The biggest-ever seizure of over 550 kg of heroin concealed in a rock salt consignment at the Attari ICP makes it amply clear that the city continues to be the favoured transit destination of cross-border smugglers to push drugs into Punjab.
Despite the Amritsar Customs Department patting itself on the back for thwarting the designs of peddlers, the heroin haul raises several questions over the failure of Intelligence agencies and the surveillance at the ICP. There is every possibility that contraband in low quantities may have made its way into Punjab during earlier such attempts.
Punjab shares a 553-km-long border with Pakistan along Amritsar, Gurdaspur, Tarn Taran, Ferozepur and Fazilka districts. Drugs are routed through the Golden Crescent via Afghanistan and Pakistan. Punjab being a border state is not only the transit point, but also a big market for drugs. Heroin is routed through the porous India-Pakistan border, opium and poppy husk is smuggled from Rajasthan and Madhya Pradesh, where its cultivation is legal, and charas and hashish come from Himachal Pradesh.
Officials say high-quality heroin from Delhi is suspected to be routed through Gujarat, Rajasthan’s Ganganagar and Hanumangarh districts or Jammu and Kathua districts in J&K.
The most common method to push in drugs is hollow plastic pipes,10-12 metres in length, stuffed with heroin to dodge the electrified barbed fence. These are flung across from the fence in packets, say BSF sources. The other vulnerable points are riverine areas where there is virtually no fencing, as in Amritsar (Ramdas), Gurdaspur (Dera Baba Nanak) and Ferozepur.

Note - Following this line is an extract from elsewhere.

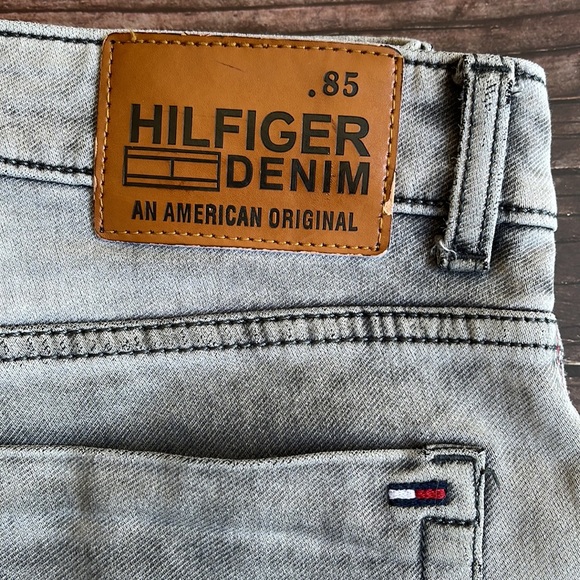 TOMMY HILFIGER | Pale grey skinny leg jeans - Picture 3 of 15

Often couriers from Pakistan swim cross the Ravi to deliver the contraband. Indian smugglers use Pakistani SIM cards to evade Indian security agencies. Owing to strict vigilance at the border in view of the strained ties between the two nations, the smugglers are resorting to new ways to push in narcotics. Earlier, drugs would be sent across in cement bags and cavities of rail wagons, but in small quantities. In October 2012, Customs officials seized 105 kg of heroin worth Rs 525 crore in the international market from a goods train from Pakistan. More recently, on June 25, they confiscated 1.1-kg heroin concealed in a 5-foot-long pressure brake pipe of an empty wagon.
“With the ongoing crackdown on drug smuggling, the price varies between Rs 2,500/gm and Rs 4,000/ gm in border cities like Amritsar, Tarn Taran and Gurdaspur. In Ludhiana and Chandigarh, it ranges between Rs 8,000 and Rs 10,000. Among the consumers are women addicts, professionals, including cops, and VIP brats,” a top official told The Tribune.
Dr PD Garg, Government Medical College, Amritsar, says, “We receive patients in the 15 to 40 age bracket, including women, some of them housewives, mostly residing in slums. We have credible feedback that heroin and other narcotics are easily available despite the government’s anti-drug drive.”
It is believed that Pakistan’s ISI patronises narco cartels. Curiously, despite a full body truck scanner on Pakistan’s side, a Pakistani truck carrying 550 kg of heroin crossed over to India, evading detection. Amritsar Customs Commissioner Dipak Kumar Gupta blames Pakistan counterparts for the ‘lapse’. India is yet to install a full-body truck scanning system. It mainly relies on sniffer dogs.